Sólo en aquel momento comprendió Erg Noor cuan grande era el peso que llevaba encima desde aquel infausto día, o aquella infausta noche… ¡Qué más daba! Una alegría delirante se apoderó de él, tan moderado de ordinario. Dominó con esfuerzo el absurdo deseo de agarrar al pequeño hombre de ciencia y lanzarlo al aire para recogerlo en sus brazos jubilosos. Sorprendido de su propia ocurrencia, Erg Noor logró calmarse, y un minuto más tarde había recobrado su reserva habitual.
— ¡Cuánto contribuirán sus estudios a la lucha contra los acalefos y las cruces en la próxima expedición!
— ¡Desde luego! Ahora conoceremos al enemigo. Pero ¿usted cree que se realizará la expedición a ese mundo de la pesantez y de las sombras?
— ¡No lo dudo!
Un día templado del otoño nórdico acababa de nacer.

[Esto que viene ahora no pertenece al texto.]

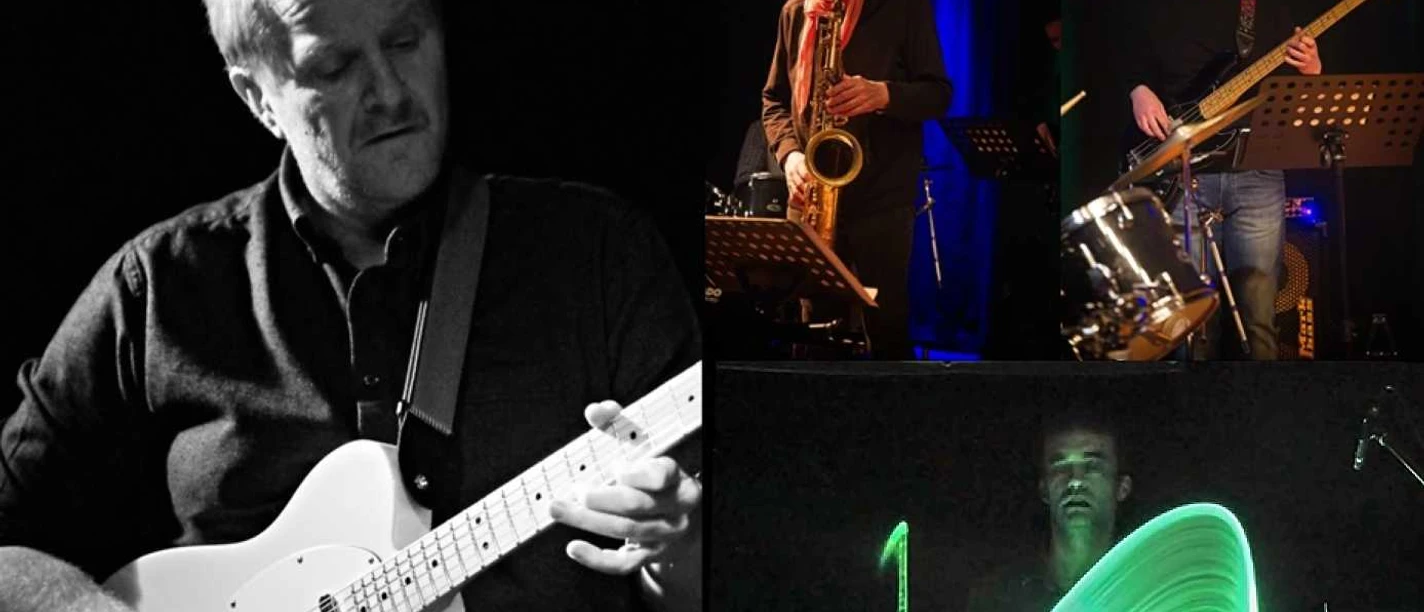 (c) Take Four-Foto.jpg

Erg Noor, sin la impetuosa premura acostumbrada, caminaba despacio, hundiendo los pies, descalzos, en la suave hierba. Delante, en la linde del bosque, se alzaba la muralla verde de los cedros, veteada de arces, que erguíanse rectos como columnas de tenue humo gris. Allí, en aquel coto, el hombre no se inmiscuía en la naturaleza. Ésta conservaba el encanto bravío de sus altos matorrales desperdigados que exhalaban un aroma, grato y fuerte, en el que se mezclaban, contradictorios, diversos olores. Un frío riachuelo le cerró el paso. Erg Noor descendió por un sendero. El agua rizada y cristalina, penetrada por los rayos del sol, tendía una red de temblantes hilos de oro sobre los multicolores guijarrillos. Partículas de musgo y algas, apenas perceptibles, flotaban en la superficie, y sus finas sombras se deslizaban por el fondo como lunares azules. En la ribera opuesta, grandes campanillas lilas se inclinaban al viento. La fragancia de la húmeda pradera y de las purpúreas hojas otoñales prometía a los hombres el gozo del trabajo, pues cada uno, en lo recóndito del alma, guardaba todavía la experiencia del primitivo labrador.